Ele saiu com os limões na mão, assim que a
porta se fechou, Vagabundo continuou:
“...
Melhor assim, obrigado. Como eu ia dizendo, meus parabéns, é muito agradável
saber que você ama Ventura do fundo de seu coração e eu tenho ótimas notícias
para vocês...”
Ventura olhou para Gustavo, este sentara-se ao
seu lado e pegara em sua mão.
“... e
não vou me demorar a dizer, porque é uma informação importante. No entanto,
desculpem-me pelos atos de Vagabundo, e vocês podem me mandar o custo da janela
de vidro que ele quebrou. Contudo, como eu disse é uma informação importante.
Eu estava mexendo em minhas coisas no alto de meu palácio quando a rocha dos
reis cintilou e vibrou e foi então que eu soube: Vocês terão uma menina!
Ao que a
gárgula lera isso, Ventura virou-se e deu um beijo na boca de Gustavo, ambos
sorriam muito.
“Ela
apareceu na rocha, será a rainha das rainhas, a verdadeira!, com todo o
respeito, é claro, Ventura Daco. E seu nome me fora revelado: Devem chamá-la de
Emily. Ela será a mulher mais linda e mais inteligente que só houve nos tempos
remotos de Lubrín quando eu ainda era moço, mas algo que não sei ao certo vai
acontecer, quando perguntei a rocha o que era, ela simplesmente emanou um
cheiro de vinho e não revelou mais nada... perdão.

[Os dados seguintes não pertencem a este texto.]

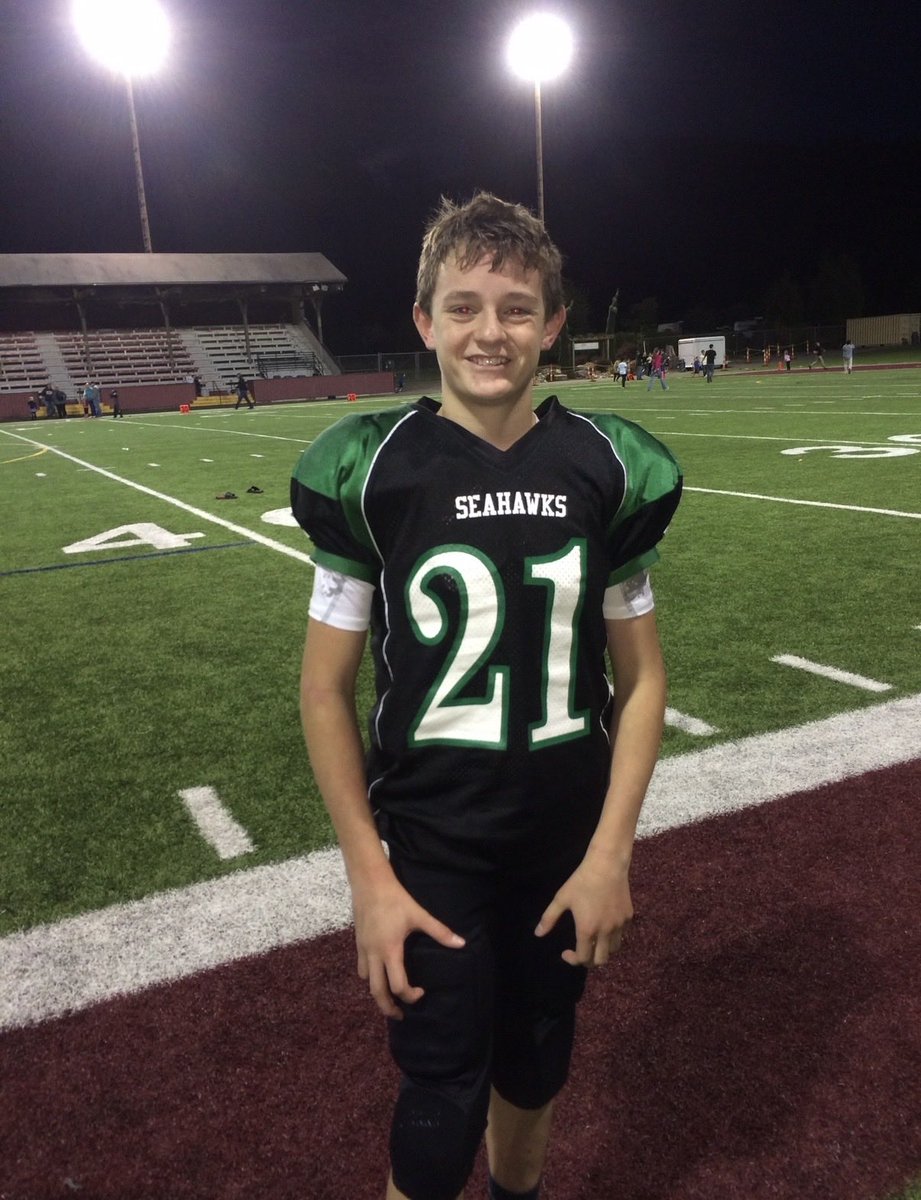 Brookerteejones tweet media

Mais uma vez meus cumprimentos, saudações, parabéns e
agradecimentos. Que os ventos lhes entreguem uma boa Era.
“Victório Ghirash, aos seus dispores e ordens.”
- Bem, é
isso! – disse Vagabundo. - Trabalho feito. Agora... onde eu posso me empoleirar
e ficar quietinho até partir? Estou com preguiça de ir-me agora.

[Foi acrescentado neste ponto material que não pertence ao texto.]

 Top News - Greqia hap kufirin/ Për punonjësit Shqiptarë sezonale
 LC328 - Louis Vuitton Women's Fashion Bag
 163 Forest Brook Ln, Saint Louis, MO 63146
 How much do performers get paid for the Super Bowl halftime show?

- Muito grato, Vagabundo, mensageiro-gárgula.
Seus serviços foram importantes. Pode ficar no topo de meu trono se quiser, mas
sem dizer uma palavra.
- Estáááá certo! – Ele deu um salto e voou até
o topo do espaldar do trono esquerdo, de Gustavo e ficara lá como se fosse
parte da decoração, os olhos que antes brilhavam, agora eram opacos e ele parecia
que nunca mais iria se mexer. E se pudesse nunca mais o faria, também.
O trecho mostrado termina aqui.